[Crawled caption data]
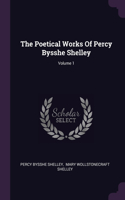 The Poetical Works Of Percy Bysshe Shelley; Volume 1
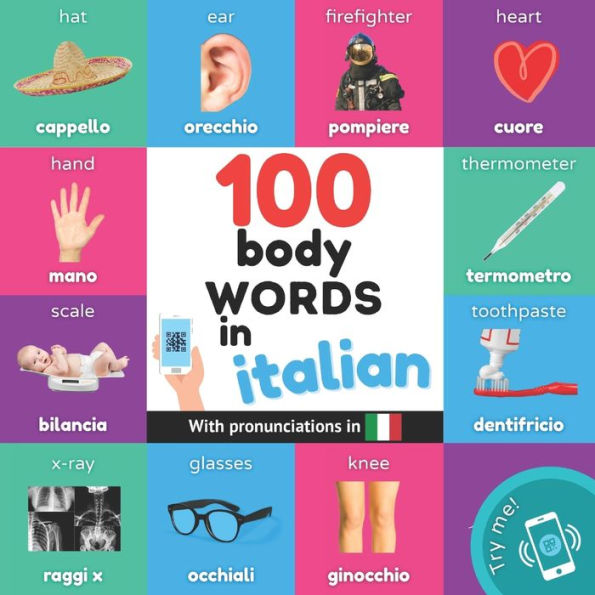 100 Body Words In Italian: Bilingual Picture Book For Kids: English / Italian With Pronunciations (Learn Italian) - 9782384124916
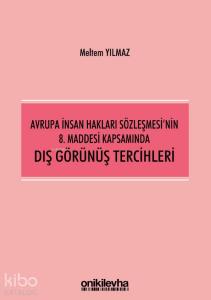 Avrupa İnsan Hakları Sözleşmesi'nin 8. Maddesi Kapsamında Dış Görünüş Tercihleri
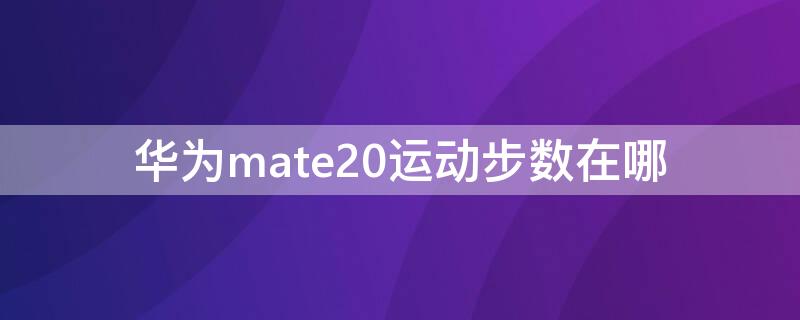 华为mate20运动步数在哪 如何在华为mate20手机上显示步数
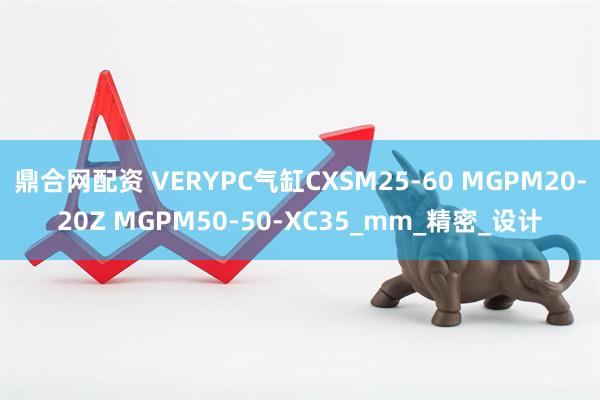 鼎合网配资 VERYPC气缸CXSM25-60 MGPM20-20Z MGPM50-50-XC35_mm_精密_设计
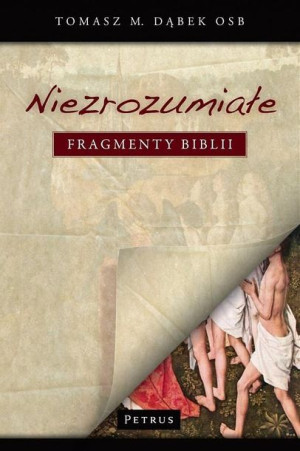Niezrozumiałe fragmenty Biblii Tomasz M. Dąbek OSB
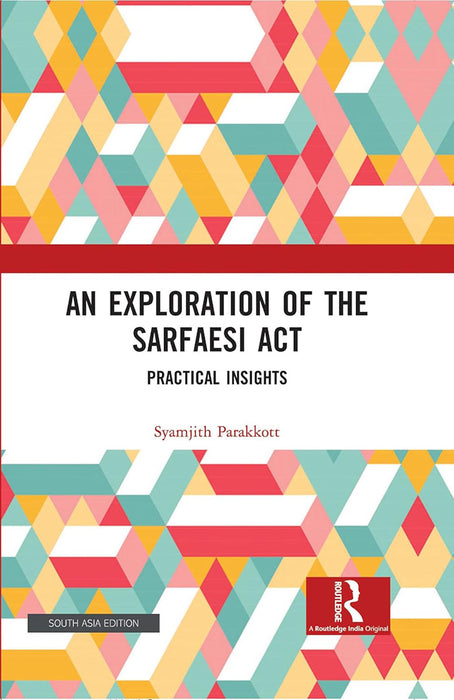 An Exploration of the SARFAESI Act: Practical Insights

◆ Task description ◆
Give every line of the records above again, exactly, and omit the pictures.

◆ Response to this task ◆
 The Poetical Works Of Percy Bysshe Shelley; Volume 1
 100 Body Words In Italian: Bilingual Picture Book For Kids: English / Italian With Pronunciations (Learn Italian) - 9782384124916
 Avrupa İnsan Hakları Sözleşmesi'nin 8. Maddesi Kapsamında Dış Görünüş Tercihleri
 华为mate20运动步数在哪 如何在华为mate20手机上显示步数
 鼎合网配资 VERYPC气缸CXSM25-60 MGPM20-20Z MGPM50-50-XC35_mm_精密_设计
Niezrozumiałe fragmenty Biblii Tomasz M. Dąbek OSB
 An Exploration of the SARFAESI Act: Practical Insights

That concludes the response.